We always knew we would be post-BG, but the credit rating metrics I referred to earlier, the actual numbers today would not necessarily mechanically support the ratings that we currently carry.
We need to improve the ratings.
That is clearly stated by the rating agencies.
We need to start to reduce the debt.
That the simple -- that is priority number one.
We are in that situation now.
$4.6 billion of working capital looks a little weak was the premise.
The [AES] perhaps.
Yes, it is got some one-offs and it's got, example, the [$70] (technical difficulty) and -- paying for the deal.
The present $300 million or so to [George Osborne].
In terms of the cost of deal, but that is less than $0.5 billion in terms of the quarter in cash terms.
And there are -- there is always a few one-offs.
But by and large, the big factor was the working capital and the cost of sales adjustment which ultimately some of those are one-offs and some of those will reverse over time.
I can't recall whether I mentioned it earlier, but there is a trading inventory.
It's basically a contango affect as well.
So that is reversible.
The payment to the Iranians for their crude liftings a few years ago is not reversible but it is one-off.
Those things will play through.
And it's always difficult to look at one quarter alone to see (technical difficulties).

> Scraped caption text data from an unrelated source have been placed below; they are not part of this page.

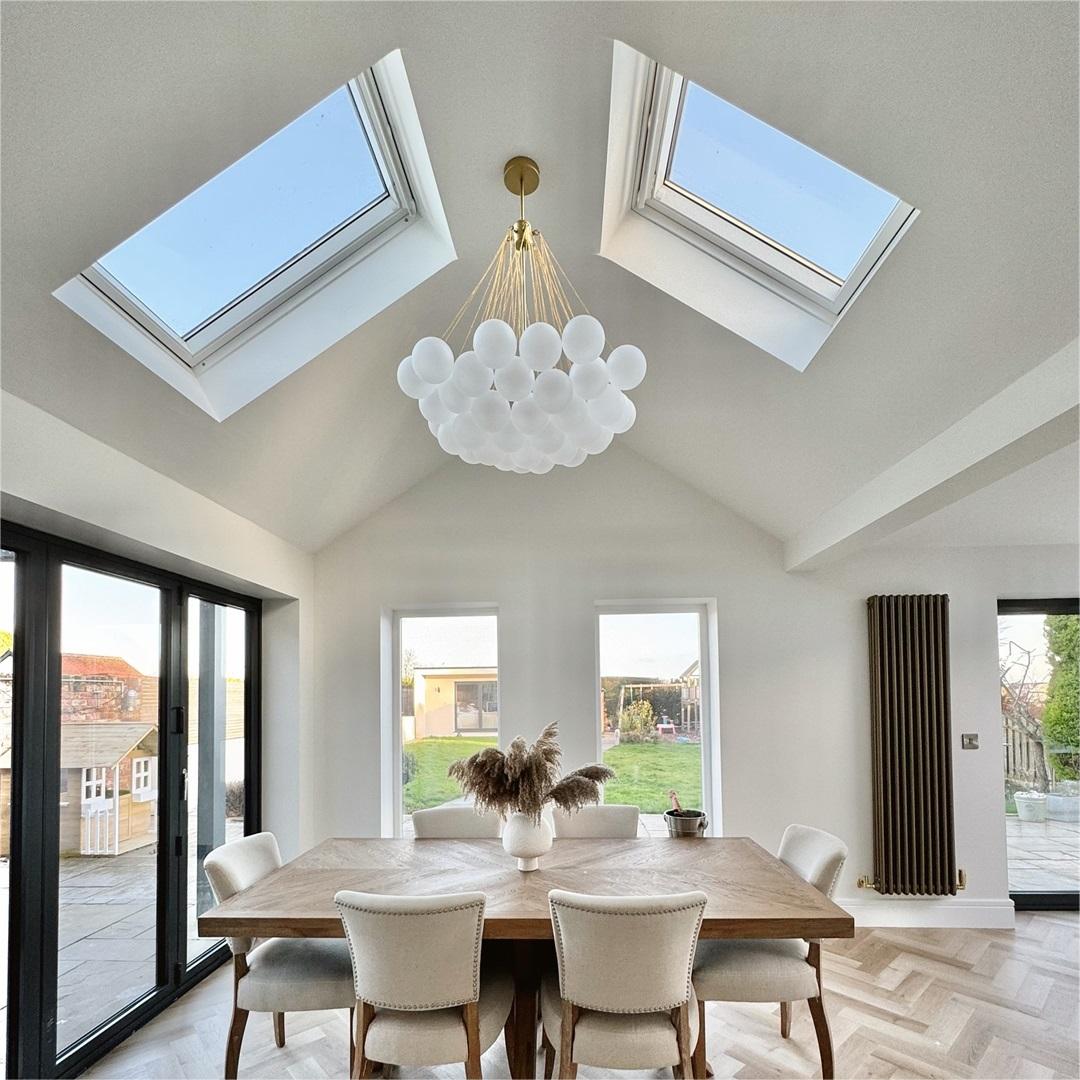 Moderne Kroonluchter Zwart met Drie Lichten – Glazen Cluster Kroonluchter voor Eetkamer en Woonkamer 1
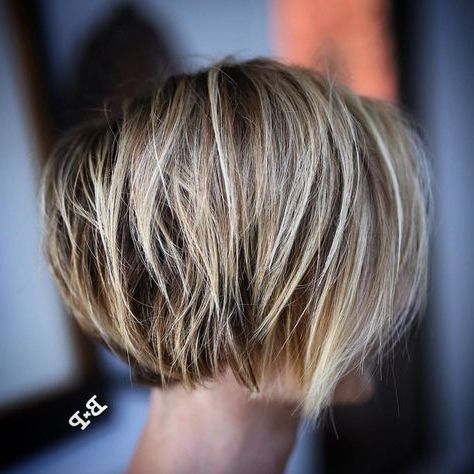 100 Mind Blowing Short Hairstyles For Fine Hair | Bob Regarding Ash Blonde Balayage For Short Stacked Bob Hairstyles (Photo 1 of 25)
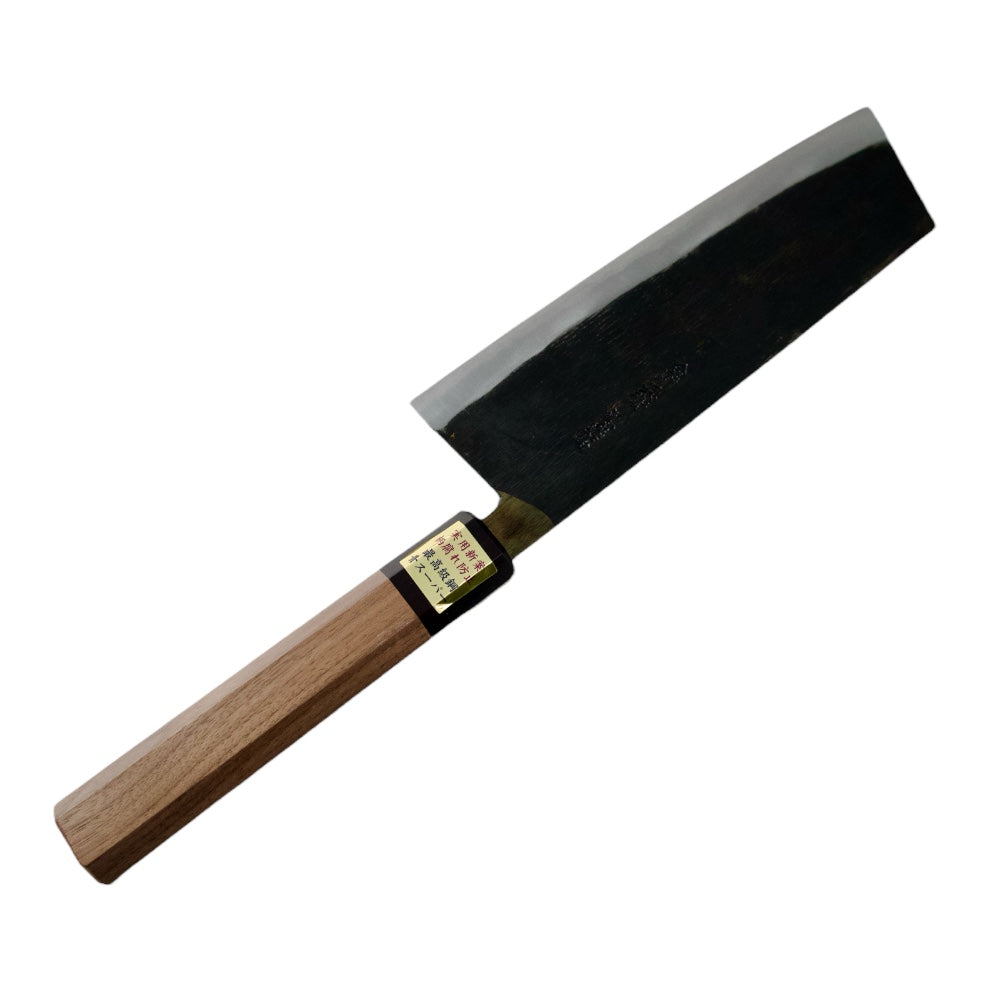 Moritaka knives special bunka upside down showing kanji
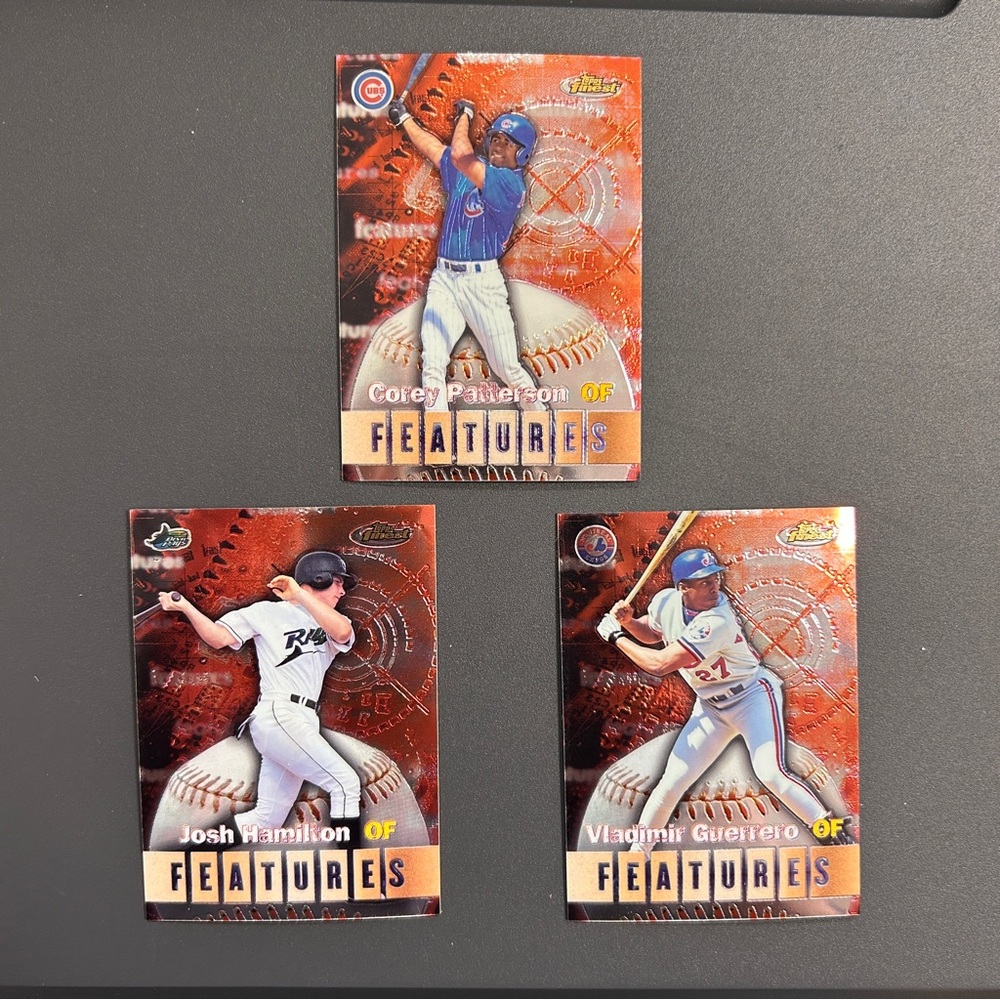Topps Finest Cards 130 132 133 Bonds Guerrero Patterson Mateo Hamilton Burrell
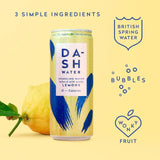 DASH Lemon Infused Sparkling Water   12 x 330ml GOODS M&S   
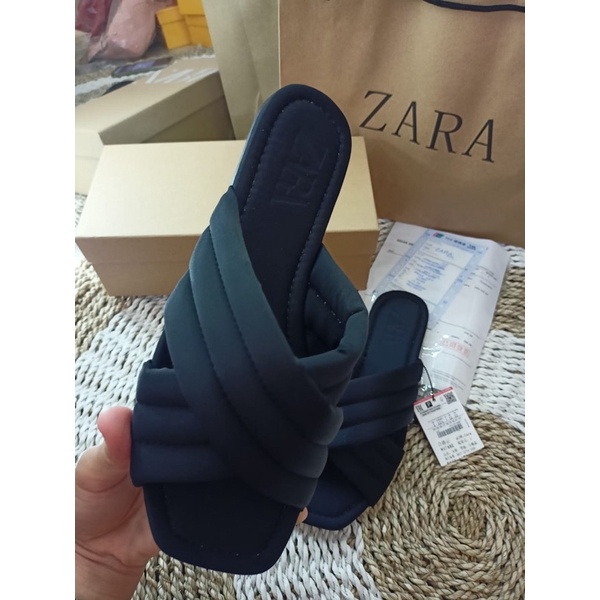 Zara Giày Sandal Thời Trang Dạo Phố Sành Điệu Z05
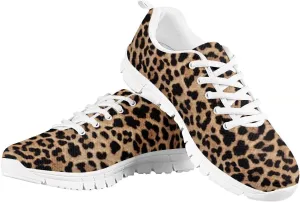 Women Floral/Leopard Print Running Sneaker Lightweight Walking Jogging Sports Shoes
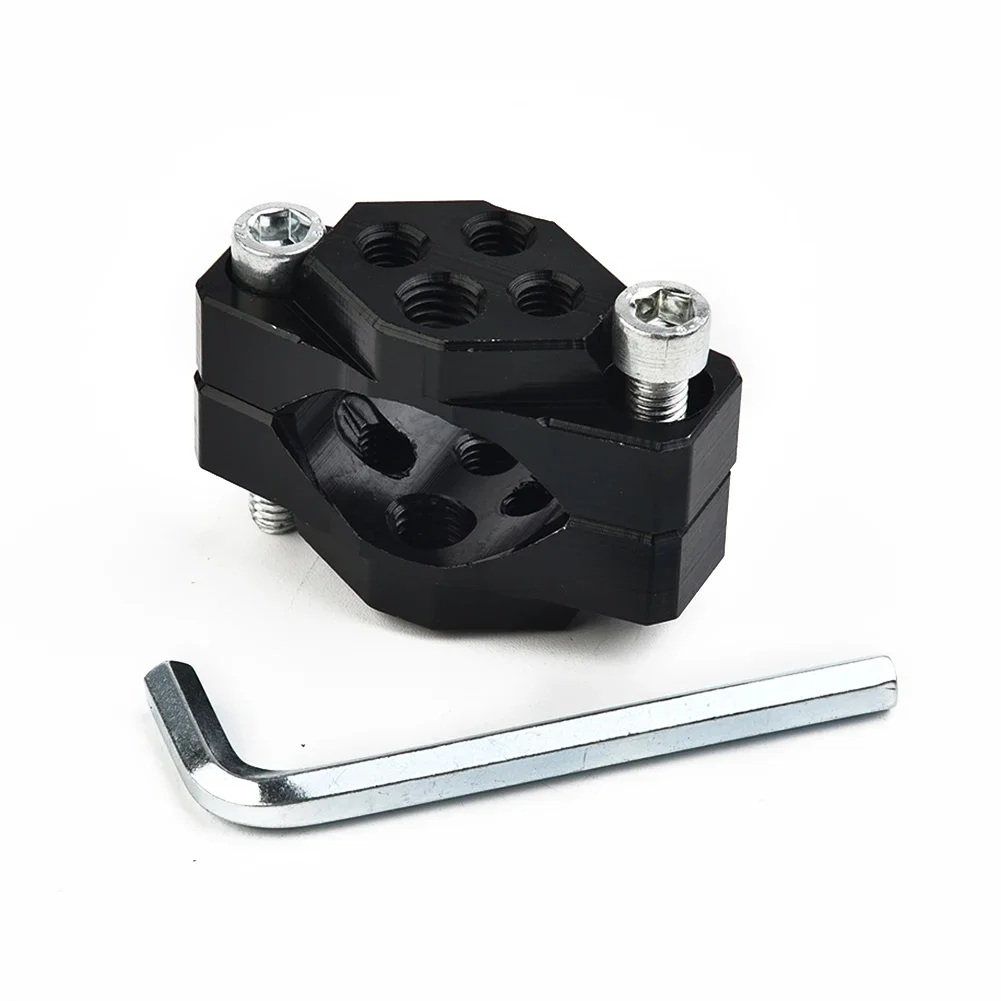 Alloy Motorcycle Stent 17-32mm Bracket Bumper Clamp Auxiliary Spotlight Headlight Mount Clip Light Phone GPS Handlebar Holder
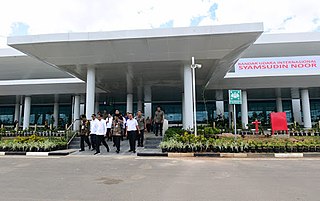 <span class="mw-page-title-main">Syamsudin Noor International Airport</span> Airport in Indonesia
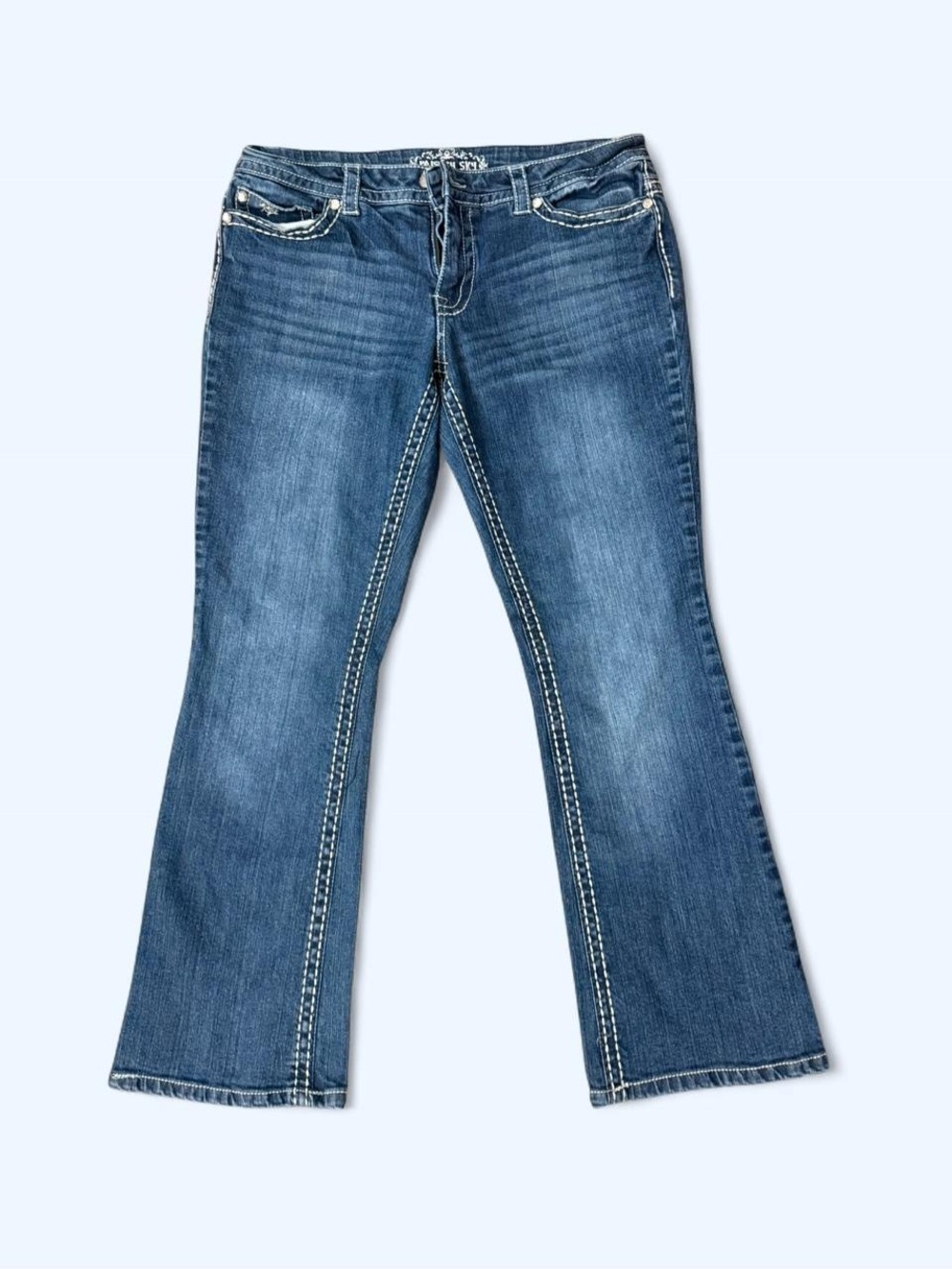 Paisley Sky Women's Medium Blue Flare Jeans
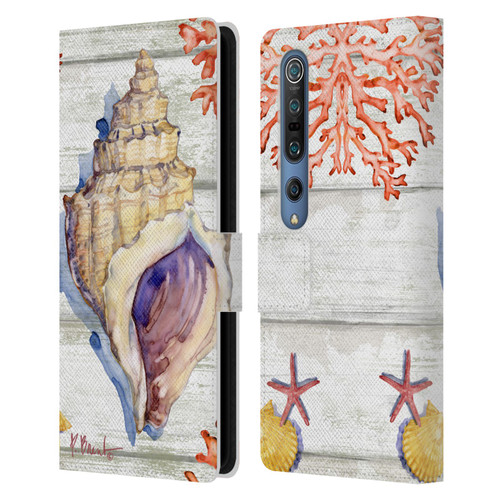 Paul Brent Ocean Bahia Shells Leather Book Wallet Case Cover For Xiaomi Mi 10 5G / Mi 10 Pro 5G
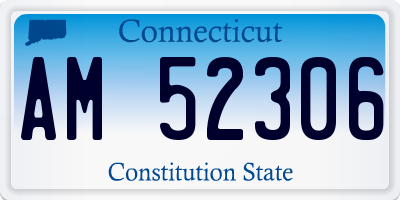 CT license plate AM52306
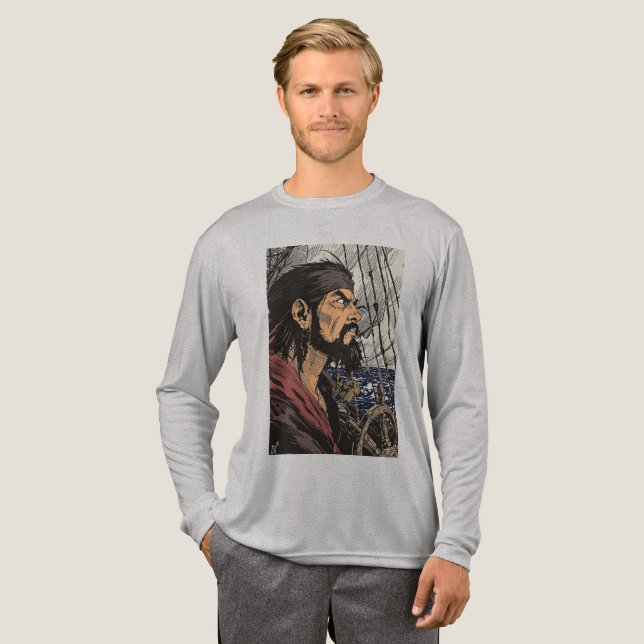 Black Ink Corsair Tri-Blend Shirt (Full Front)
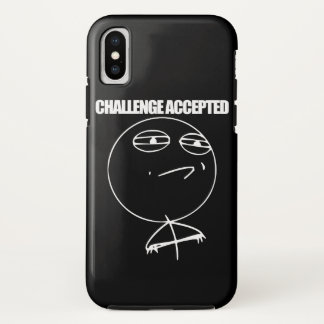 Capa Para iPhone XS Desafio aceitado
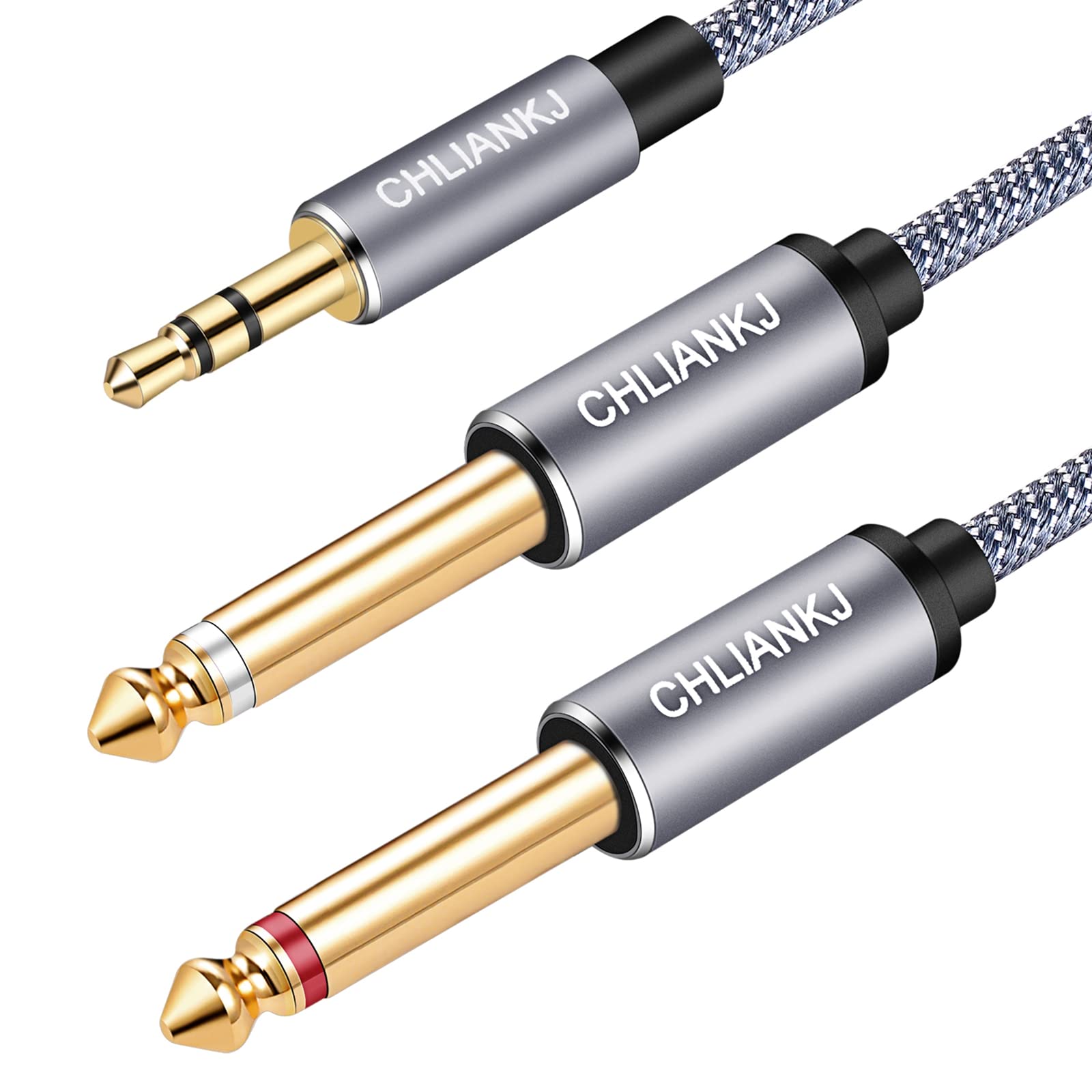 CHLIANKJ Audio Cable to Conversion Stereo Mini Plug 2 Distribution TRS Cable TRS to 2 TS Mono Stereo Y Cable Male to Suitable for CD 3.5mm 6.35mm
CHLIANKJ Audio Cable to Conversion Stereo Mini Plug 2 Distribution TRS Cable TRS to 2 TS Mono Stereo Y Cable Male to Suitable for CD 3.5mm 6.35mm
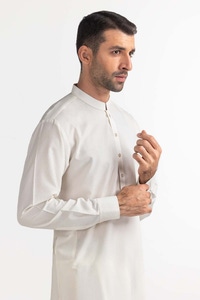 UAE -Cream Basic Suit SK-P24-012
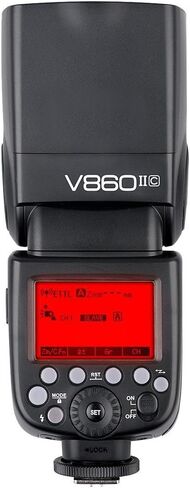 كاميرا مضيئة مضيئة V860II-N i-TTL 2.4G مزامنة عالية السرعة 1/8000s GN60 بطارية ليثيوم أيون مع جهاز إرسال X1T-N اللاسلكي متوافق مع كاميرات نيكون دي اس ال ار و 15 × 17 سم ضوء USB in Kuwait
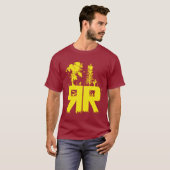 自然のリズム Tシャツ (正面フル)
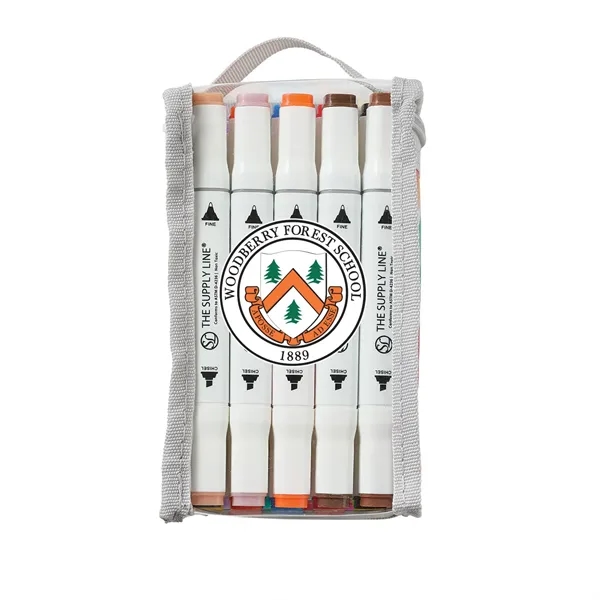 A vibrant 20-color marker set with dual tips for maximum versatility-... from ASI 46170 Compass Industries Inc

Let's see how that goes going forward.
Operator
Thomas Adolff, Credit Suisse.
- Analyst
Two questions as well, please.
First one on CapEx.
And I guess there's no such thing as an apples-to-apples comparison when we look at the reported CapEx guidance amongst the super-majors.
If we look at the $30 billion or so that you talk about, is that the right balance for short-term cash and returns and the longer-term health of the business?
I'm kind of asking this question based on obviously today's cost environment and [stated and no further] cost reduction to come outside of Shell.
The second question on the lower 48.
Obviously Marvin left.
The lower 48 is now part of Andy's portfolio again.
I think back in November you said we're going to try to run it independently.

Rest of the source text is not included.